— DATA BLOCK —
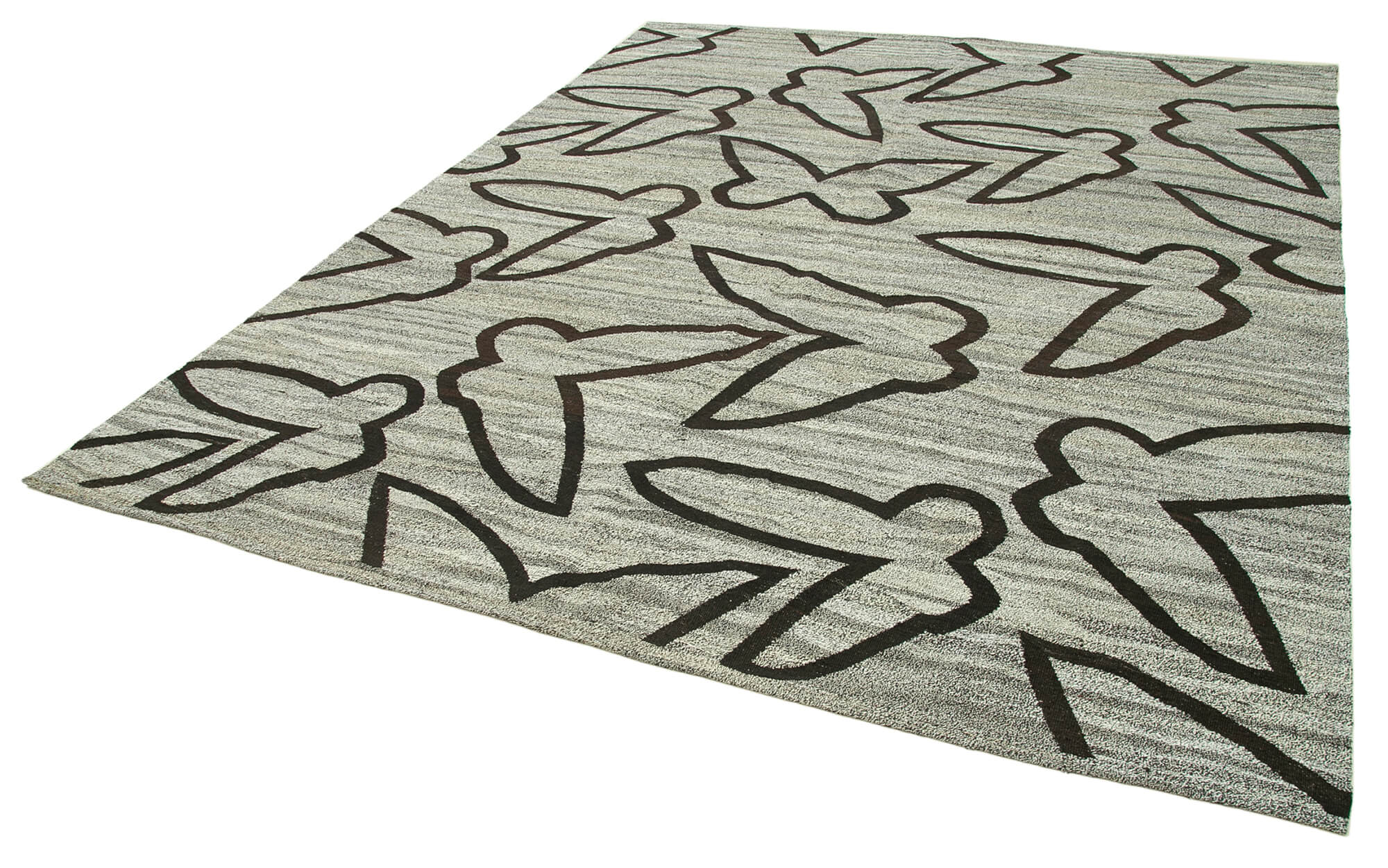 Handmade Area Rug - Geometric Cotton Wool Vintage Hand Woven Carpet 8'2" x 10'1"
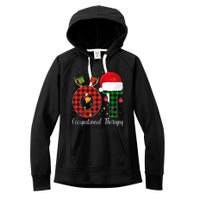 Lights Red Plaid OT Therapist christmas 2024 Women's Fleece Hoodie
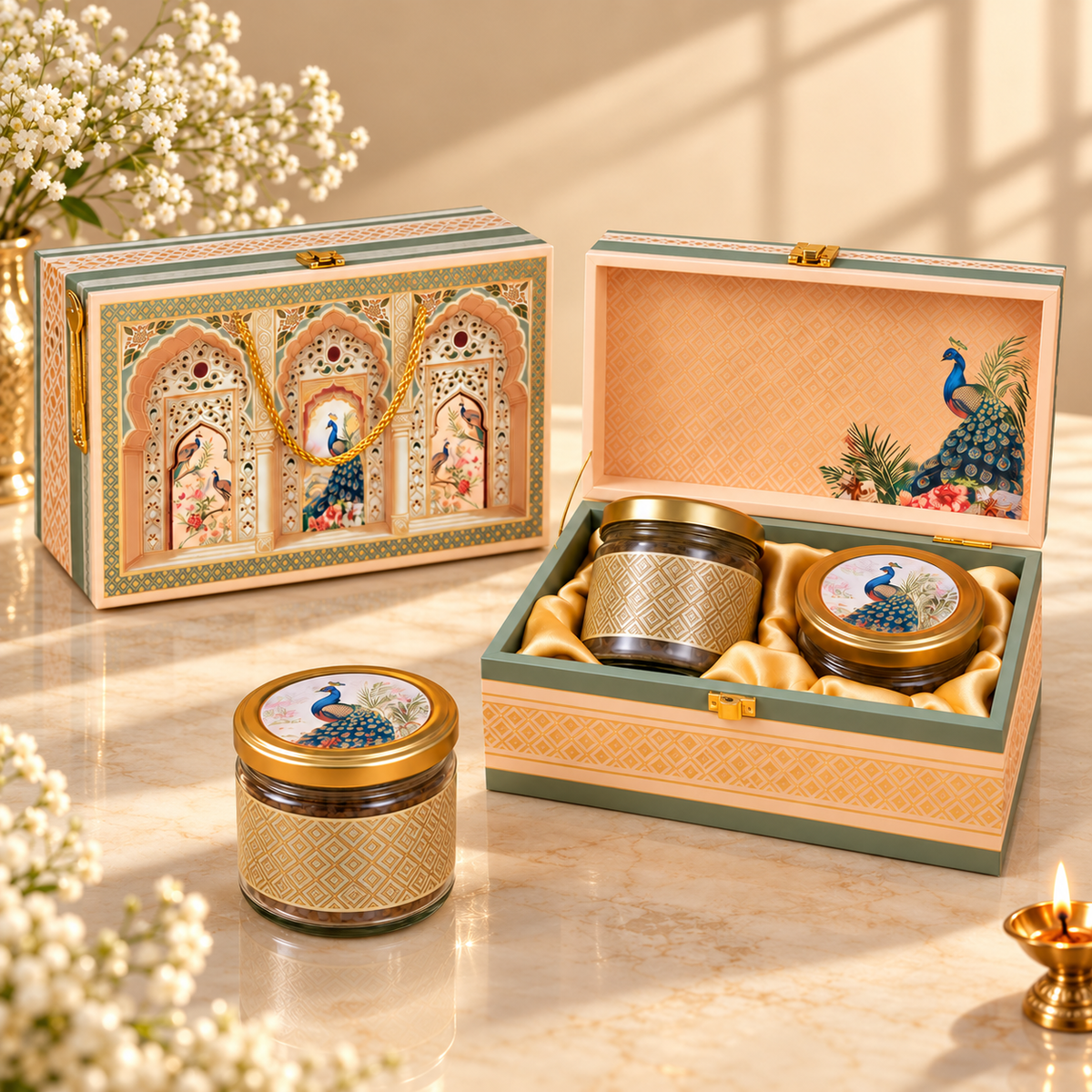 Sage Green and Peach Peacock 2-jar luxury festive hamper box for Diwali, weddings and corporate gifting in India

— WHAT YOU NEED TO DO —
Except for the pictures, write the data out exactly.

— WRITTEN RESPONSE —
 Handmade Area Rug - Geometric Cotton Wool Vintage Hand Woven Carpet 8'2" x 10'1"
 Lights Red Plaid OT Therapist christmas 2024 Women's Fleece Hoodie
 Sage Green and Peach Peacock 2-jar luxury festive hamper box for Diwali, weddings and corporate gifting in India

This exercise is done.